## Problem
Begin at the line containing "One Piece Card" in the records below, end at the line containing "Taking a hike", and retype each line in that span exactly. No other line and no image should appear.

## Information supplied
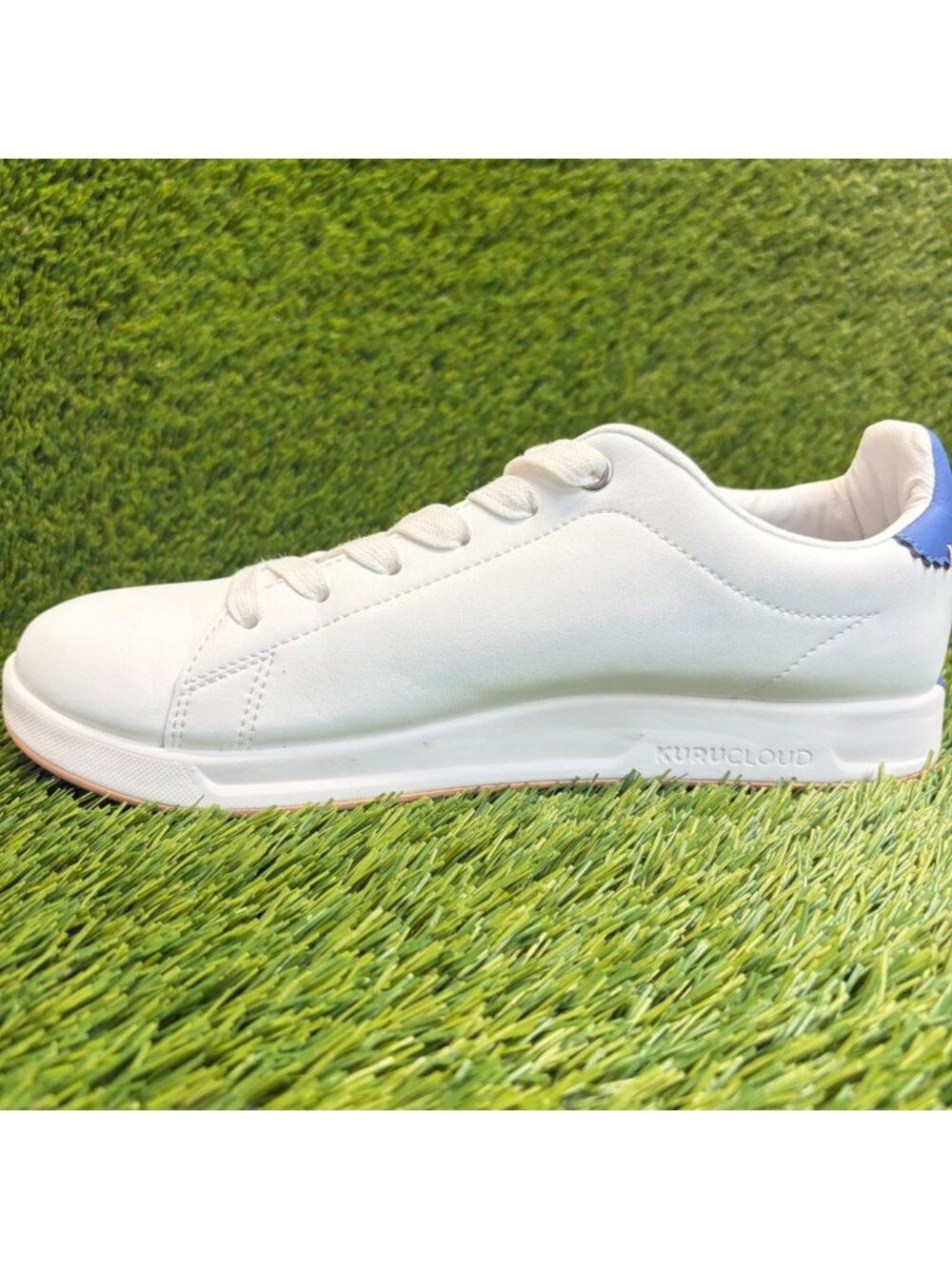 Kuru Roam Classic Court Womens Size 9.5 White Athletic Leather Shoes Sneakers - Picture 2 of 10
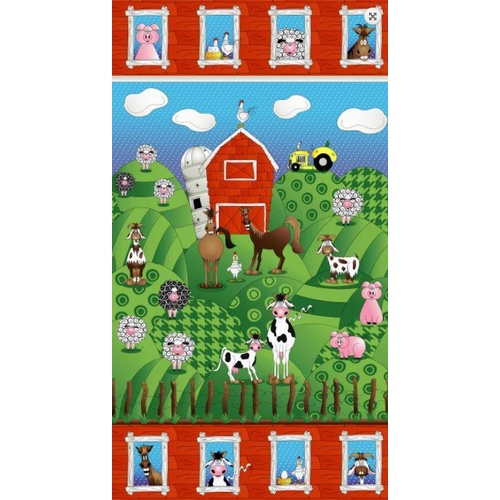 On the Farm Panel Flannel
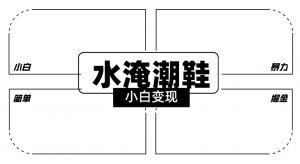 2024全新冷门水淹潮鞋无人直播玩法,小白也能轻松上手,打爆私域流量,轻松实现变现【揭秘】-逐浪前行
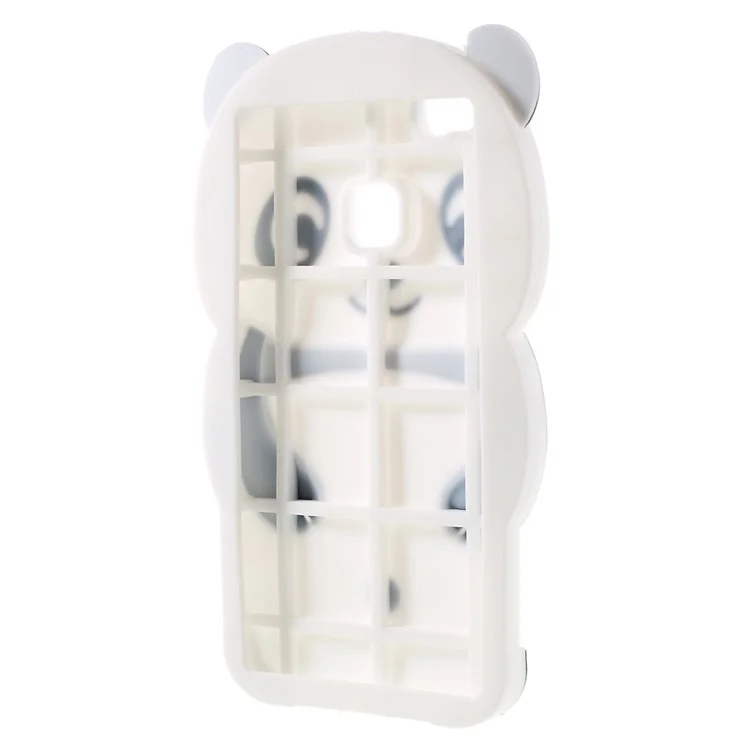 For Huawei P9 Lite Cute 3D Panda Silicone Case - Black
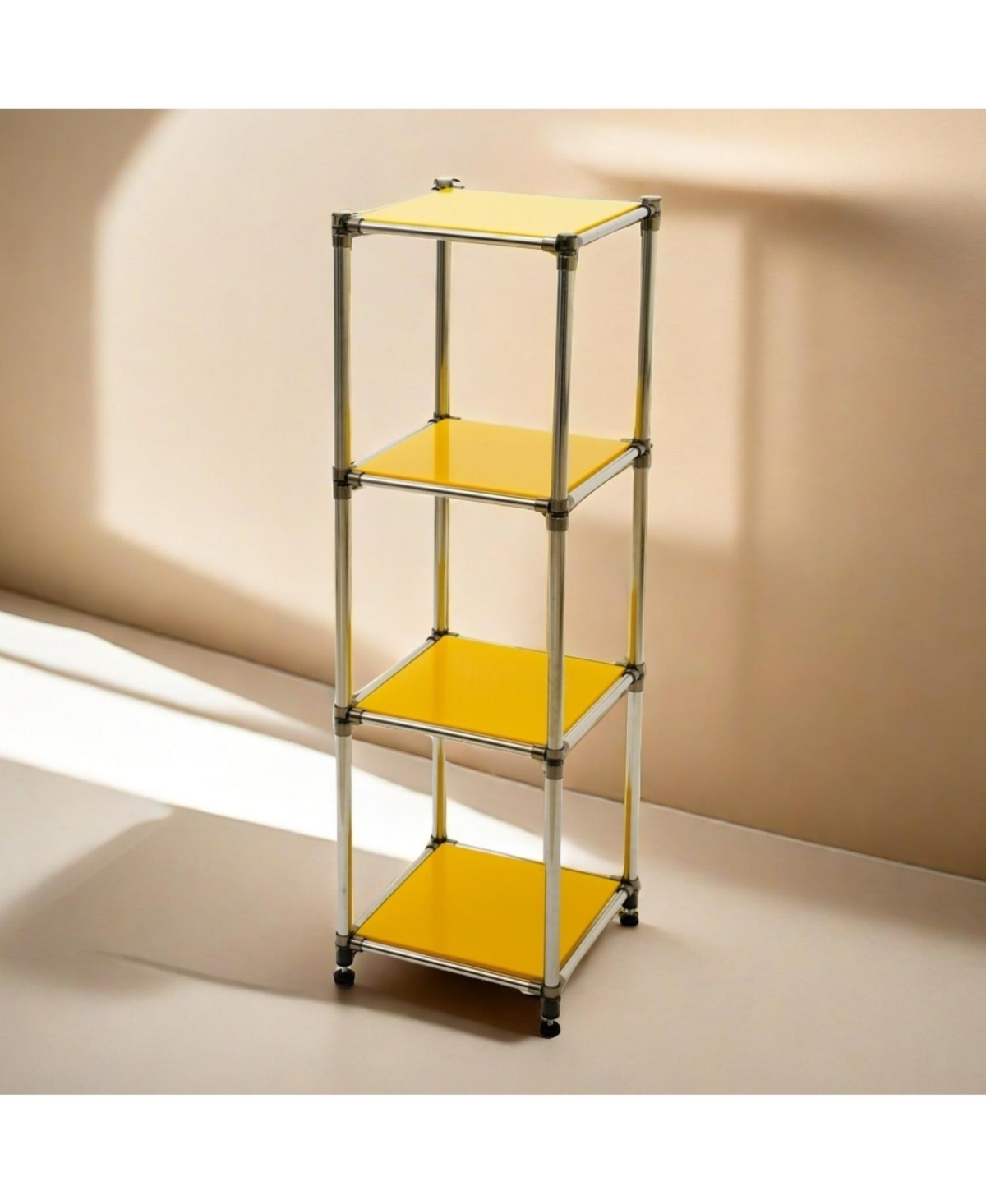 Streamdale Furniture Korean 4-Tier Stainless Steel Shelving Unit (49"H x 14.9"W)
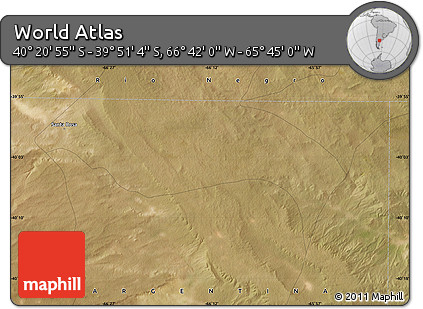 Satellite Map of the Area around 40° 6' 0" S, 66° 13' 29" W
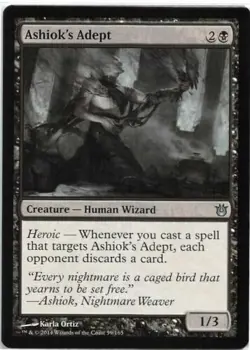 Ashiok's Adept *PLAYSET* Magic MtG x4 Born of the Gods SP - Image 1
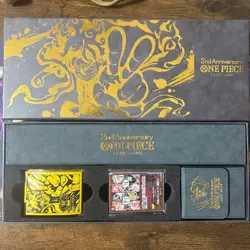 One Piece Card Game 2nd Anniversary Set Japanese BANDAI Special Set Limited - Image 1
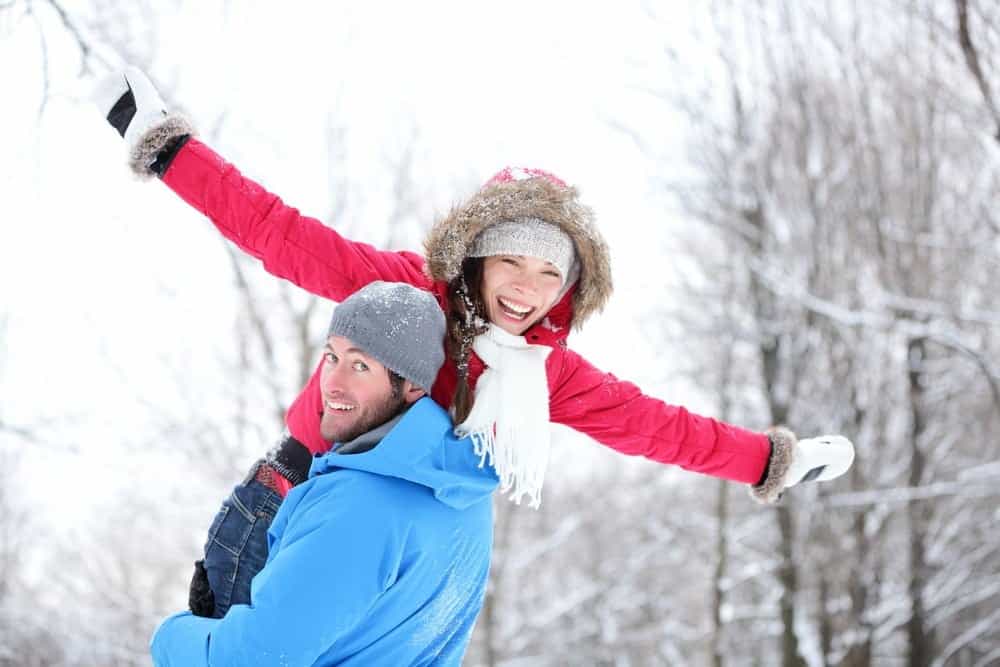 Taking a hike as a couple is one of the top outdoor winter activities in Gatlinburg.
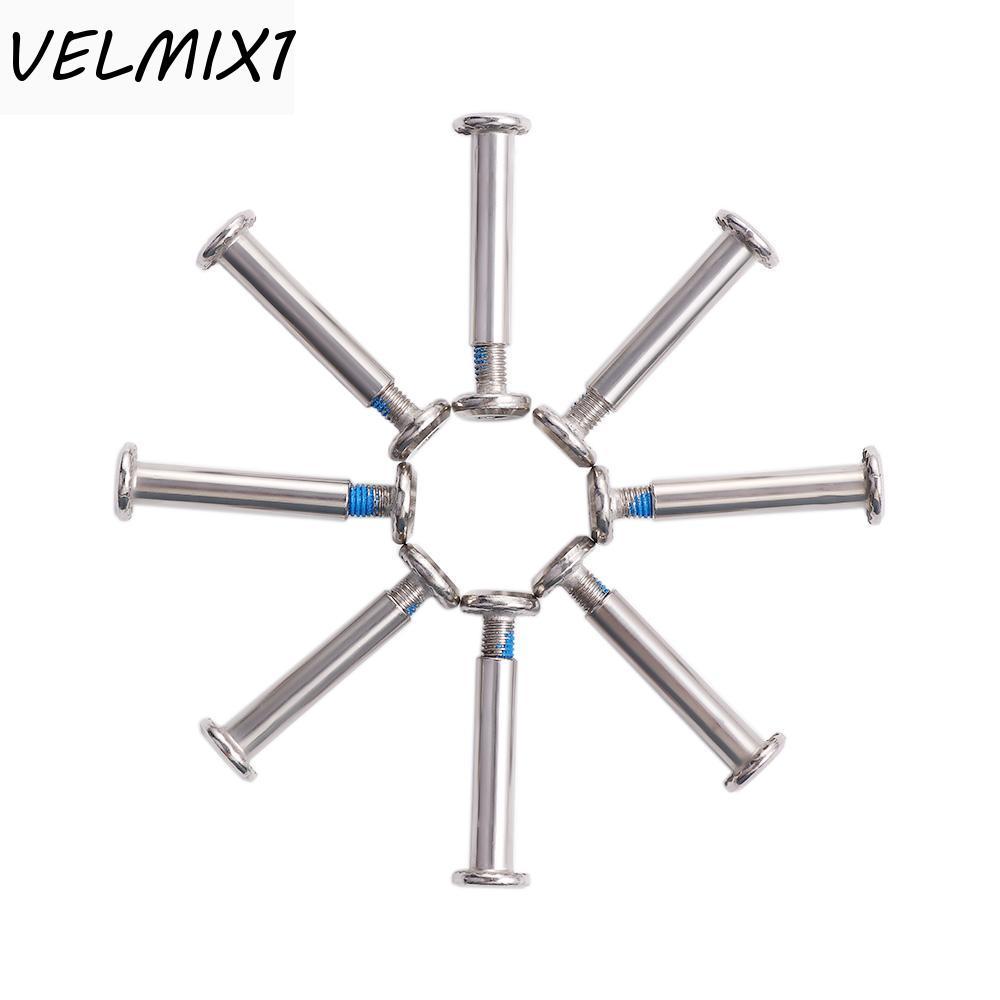 VELMIX1 Parafuso De Skate Em Linha , Lâminas De Rolo , Parafusos De Patinação , Eixos De Roda , Espaçador De Sapatos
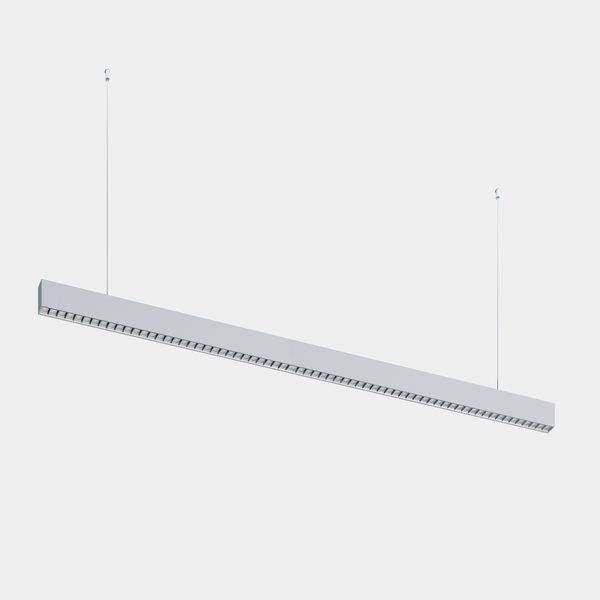 Lineal lighting system Infinite Slim Continuidad Pendant 1680mm 43.1 3000K CRI 90 ON-OFF Brushed anodise IP40 4423lm image 1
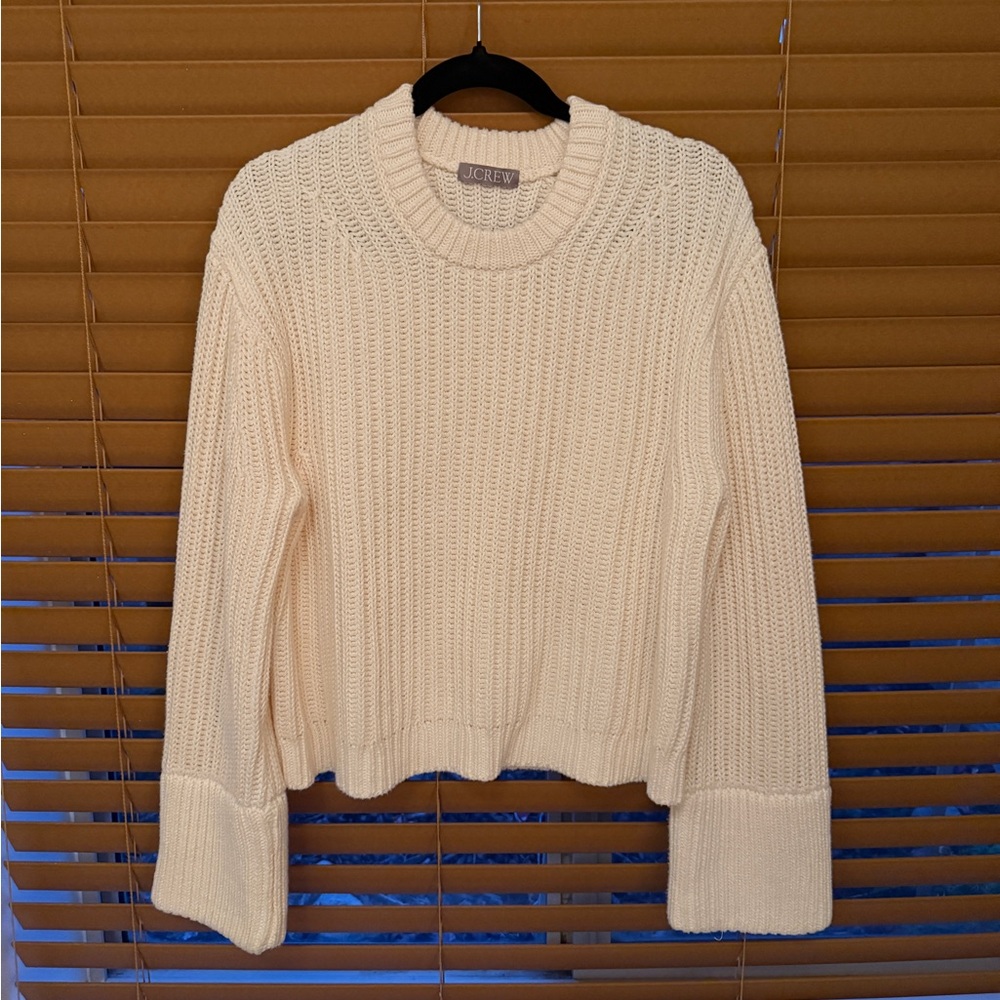 J.Crew Cotton Crewneck Sweater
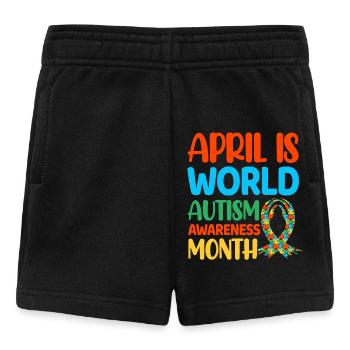 Autisme Autiste - Short Bébé - noir - Devant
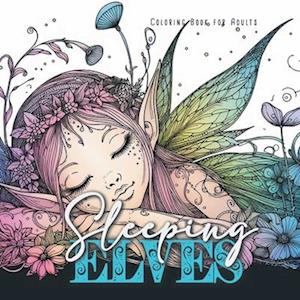 Sleeping Elves Coloring Book for Adults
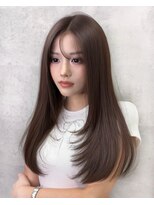 リリー(Lilley)&nbsp;【西村光平】艶カラー/前髪顔周り/韓国ヘア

## Response to the task
 One Piece Card Game 2nd Anniversary Set Japanese BANDAI Special Set Limited - Image 1
 Taking a hike as a couple is one of the top outdoor winter activities in Gatlinburg.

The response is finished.